O estado de São Paulo registrou
uma quantidade alarmante de ocorrências de abuso sexual infantil nos últimos
três anos, período que coincide com a pandemia da Covid-19. Ao todo, foram
44.026 ocorrências de 2020 a 2022, o que significa 40 casos por dia em média, e
o número está sujeito a aumentar já que os especialistas asseguram que há
subnotificação de casos. Foram 13.472 casos em 2020, 13.236 em 2021, e um salto
para 17.318 em 2022, o que significa um aumento de 30,8% em
relação ao ano anterior, de acordo com um levantamento feito pela SSP
(Secretaria de Segurança Pública) e obtido com exclusividade pelo R7 via
Lei de Acesso à Informação (veja os dados no quadro abaixo).

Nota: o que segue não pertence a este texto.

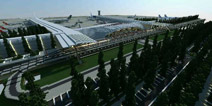我的世界机场存档 Simple Airport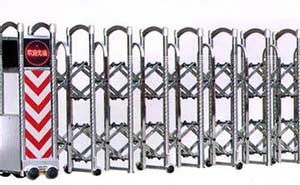 電動(dòng)伸縮門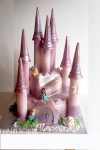Irmas Cakes Dublin Vestuviniai Tortai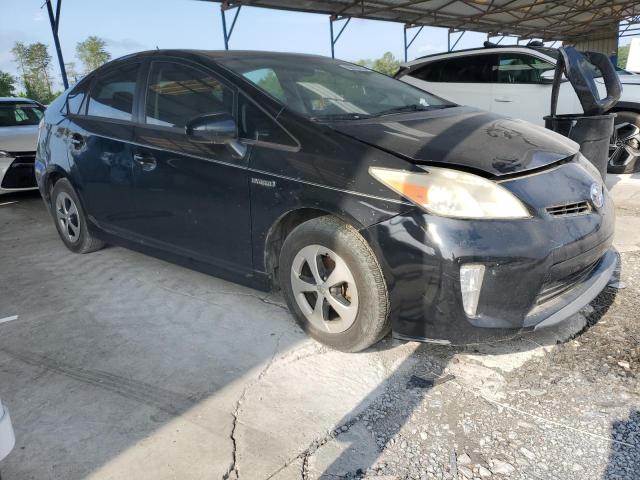 Vin: jtdkn3du1c5388503, lot: 56618655, toyota prius 20124
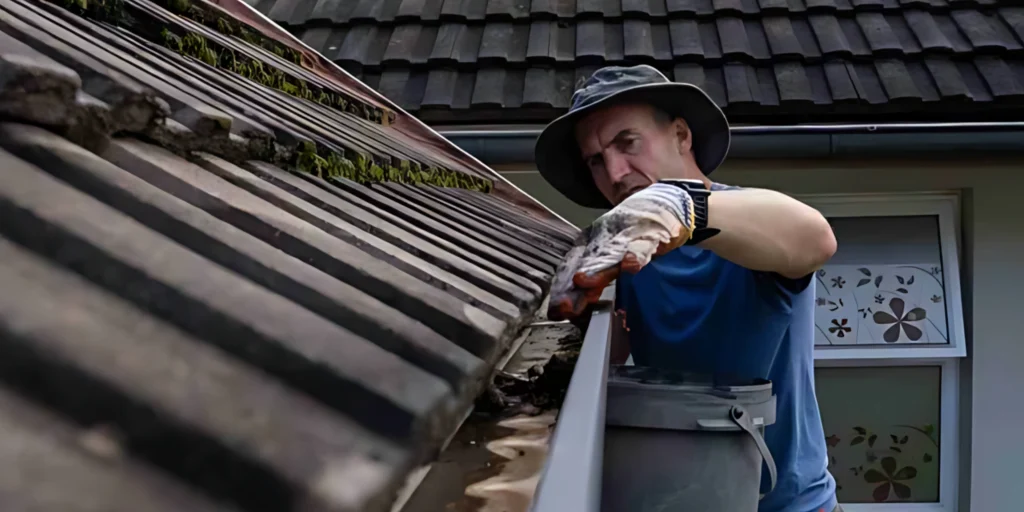Weldon Spring Gutter Cleaninghome page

A delegada e coordenadora das DDMs (Delegacias de Defesa Mulher), Jamila Jorge
Ferrari, explica que nos dois primeiros anos da pandemia, com o isolamento e as
escolas fechadas, boa parte dessas crianças "não tinha quem ficasse
observando os pequenos indícios", já que "os professores são uma das
maiores fontes de informação de abuso". Para a delegada, o aumento
expressivo em 2022 ocorreu porque as vítimas voltaram a conviver em
sociedade com o relaxamento das regras de quarentena.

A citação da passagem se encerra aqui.